Thanks for the complement. 
Good to know there are some guppy enthusiast on AQ.

I haven't seen many yellow snakeskins around, but I haven't been looking around much either. 
The guppies shown are the run-off-the-mill variety that cost about SGD$1 each. It is amazing how nice they look under the right conditions isn't it?



ck

----------


## benny

I can't remember which one is snakeskin, should be the first one. But I think you can still get them locally here although they are not the flavor of the month lately.





Cheers,

----------


## DazzleDiscus

:Grin:  guppies have always been at the top of my favorite fish list. The golden snakeskins used to be very popular about six years ago. Unfortuately at that time I wasn't interested in that variety... by the time I was interested, they were gone. 

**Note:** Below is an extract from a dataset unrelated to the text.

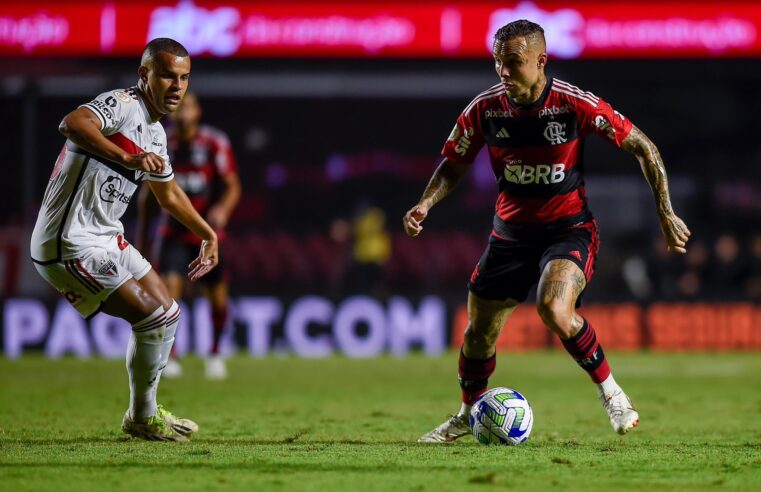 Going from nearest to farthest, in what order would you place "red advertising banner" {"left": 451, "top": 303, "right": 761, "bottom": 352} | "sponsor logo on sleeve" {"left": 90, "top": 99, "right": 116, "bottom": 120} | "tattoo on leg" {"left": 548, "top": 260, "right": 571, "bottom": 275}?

Yeah they do look alot better when kept in the best conditions... so do betta splendens... 

The snakeskins I'm breeding are somewhat of a mix of those two pictures. Their bodies are see-through. The second fish's pattern on the tail resembles my snakeskins' tails. However, the pattern on the first fish (below the dorsal fin) looks like theirs in the fact that it is tight, but without the missing band of color. The pattern on their bodies is an irredesent cream/yellow with a slight tint of blue, and it goes to the head. Their dorsal fins have the same cream/yellow color to them, with a bit of snakeskin pattern. 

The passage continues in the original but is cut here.